# A few good knife related videos



## NYWoodturner (Oct 29, 2014)

Tell me this guy doesn't have it figured out...





Part 2

Reactions: Like 1 | Agree 1 | Way Cool 1


----------



## NYWoodturner (Oct 29, 2014)

I found this one pretty intriguing as well.


----------



## DKMD (Oct 29, 2014)

Pretty damn cool! Old fashioned sweat equity and barter for a quiet life filled with good food and drink... He's winning!

Reactions: Agree 2


----------



## NeilYeag (Oct 29, 2014)

Hey don't you love the bathtub with fire below it.


----------



## ripjack13 (Oct 30, 2014)

Ahhh....the good life of the good ol days.


----------



## Kevin (Oct 30, 2014)

He mentioned in order for someone to take it up they have to have the "passion". That's so true with everything if you want to excel at whatever it is. 

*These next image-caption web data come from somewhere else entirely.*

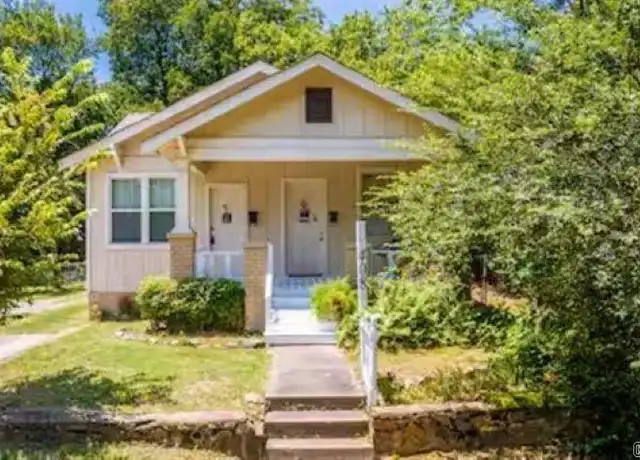Property at 408 S Booker St Unit B, Little Rock, AR, 72205, 1 bed, 1 bath, [object Object]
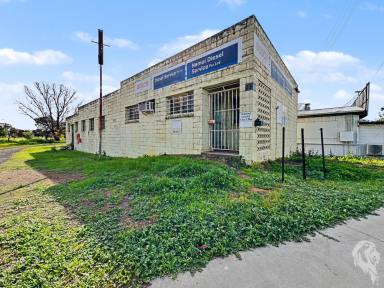Industrial/Warehouse For Sale - NSW - Narrabri - 2390 - ENTRY-LEVEL COMMERCIAL PREMISES ON THE HIGHWAY!  (Image 2)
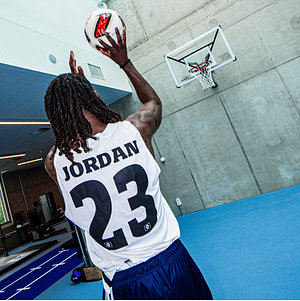 Signiertes Shooting-Top Jordan #23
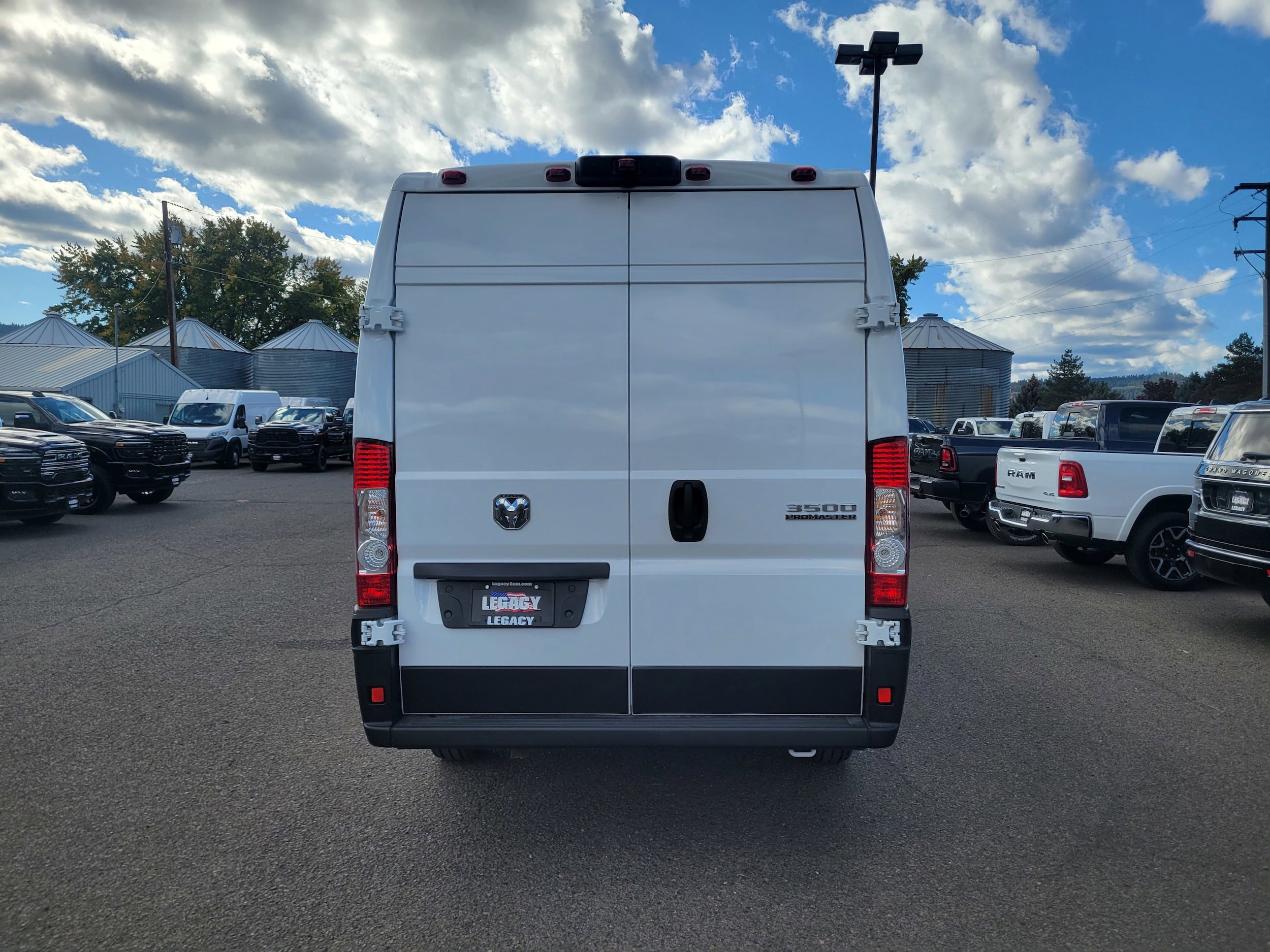 New 2026 RAM ProMaster 3500 w/ Convenience Group image 4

_I suppose some people look down on knives because they think automatically think a weapon. But I mean, what do you prepare your food with? A frying pan's a weapon too. _

Man I can't believe he traded that knife for a small box of pig. It must have been one of his 'quickie' knives but I mean, how "quick" can making any knife from scratch be? But, when you live in the bush, you barter for what you need when you need it I guess. 

Going into town and doing a sharpening service from his trunk. Teaching Linden a lifetime craft. _"Even Jesus couldn't fix this one."_  This guy is gold. 

Thoroughly enjoyed those Scott thanks for posting.

Reactions: Like 1 | Agree 1


----------



## Molokai (Oct 30, 2014)

Great videos, i watched them a year ago,, and will probably watch them again. Thats what the government wants us to forget, that we can barter for items, 
not money involved. Wants us addicted to money, and we can live without it.....

Reactions: Agree 2


----------